普段寝ている土筆の眉毛も思わず上を向く。


『えっと...何処かでお会いしたかしら...』


『あっ...あぁ一応小学生の頃...って小太お前本当は記憶消えてないだろ。そうやって顎あたりを触れるのが嘘をついている証拠だ。』


『あら、ばれてたのね。ちょっと遊んであげようとしたのに。』


土筆は安堵し眉が下がった


『冗談にしては笑えないよ。お前高校入ってから引きこもりしてたんだよな。だったら普通の勉学と交友関係についてもう少し勉強した方がいい。重い冗談はなかなか受け入れないからな。』


『ご、ごめんなさい気をつけるわ。あ、でも勉学は問題ないわ。全国模試で上位に入っているから授業もテストの日以外は出なくてよいと言われているから。』


『へぇ、凄いんだな。さすが進学校だな。あ、そうだあれから奏とはどうだ?』


『ええ、良好よ。メールや通話して友好関係を深めていってるわ。津倉君にも私の行いを許してもらえて本当に感謝しているわ。』


『俺は奏が許してあげたいと言ったから従ったまでだ。礼はあいつに言ってやってくれ。まぁそれはそうと最近はALTERの方はどうだ?』


『そのことに関してなら一つ伝えたいことがあるわ。私が貴方と奏さんと協力関係を組んだその日の帰りにE-bookの所持者が私に接触してきたわ。私達の戦闘とその後のやり取りを見て自分も仲間に入れて欲しいとのことよ。球縫珠貴たまぬいたまきという名で貴方の学校の3年生みたいよ。知ってる名前かしら?』


『同じ剣道部なら分かるがそれ以外の3年生だと知らないな。特徴を教えてくれるか?』


『そうね...背格好は高くて多分180近くはあるわ。
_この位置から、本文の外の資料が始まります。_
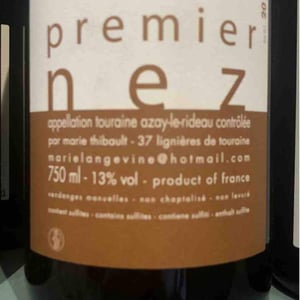 Premier Nez - Marie Thibault-Cabrit - Marie Thibault-Cabrit 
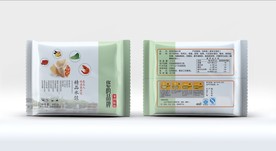 水饺包装袋展开图
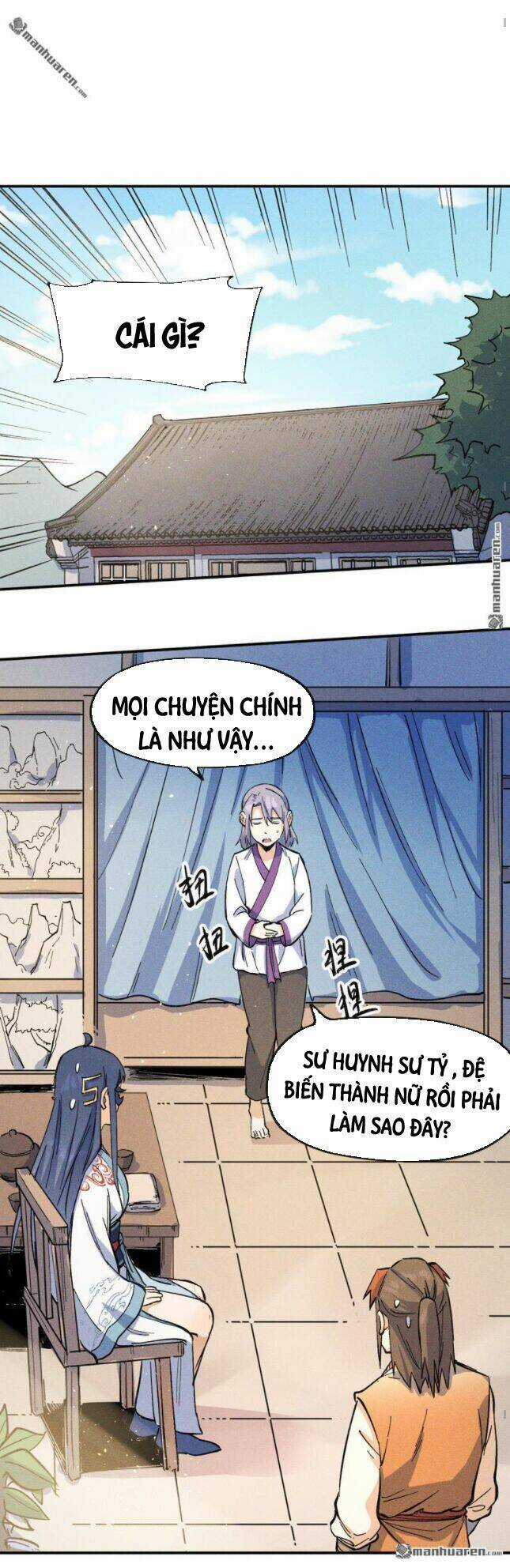 Nhân Vật Chính Mạnh Nhất Lịch Sử Chapter 3 trang 10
顔立ちも美男子って感じかしら。身体付きもしっかりしていてスポーツが得意そうだったわ。後は...晩方で薄暗かったから自信がないけれど右目に泣きぼくろがあったと思うわ。』


『美男子ならそれなりに名前の知名度も高いと思うがな...いや、でも主観性の問題だし何とも言えないか。』


『...ぶつぶつと何を言っているの?それより貴方が学校で探せば特徴を聞く必要なんて無いじゃない!』


『まぁ一応だよ。事前に聞いておけば見つけやすくなるだろ。他にその男の情報はないのか?』


『今度また会うわ。その時に彼のスキルとか聞き出しさらに彼が信用に当たる人物かを判断するつもりよ。』


『ならその時に俺も同行しよう。俺がその球縫って奴の心情を読み取って判断を下してやる。信用できないと見做みなしたら2人でそいつを片付けよう。』


『ありがとう津倉君。正直1人だと不安だったのよ。』


期日、時間、場所を教えてもらうと俺はそのままランニングの続きをする為走り出した。曲がろうとした手前で後ろ振り向くと小太はまだ立ち止まっていて笑みを作り手を振っていた。それに応えて手を挙げた。



里三サイド

『はぁ〜。急に声を掛けられた少し緊張したわ。でも、ふふふ。球縫って人のお陰で津倉君と落ち合う約束をしてしまったわ。明後日が待ち遠しいわね。油断は禁物だけれどその日までは胸が弾んで落ち着かないわ!』


『...小太さんまた会いましたね。』


視線を上げる男が立っていた。


『貴方は球縫さん。どうなさったの?約束は今日じゃないわよ。』


『確かにそうだね。でもね、もうそんな約束はどうでもよくなったんだよ。』


球縫はニヤついて小太に近づく。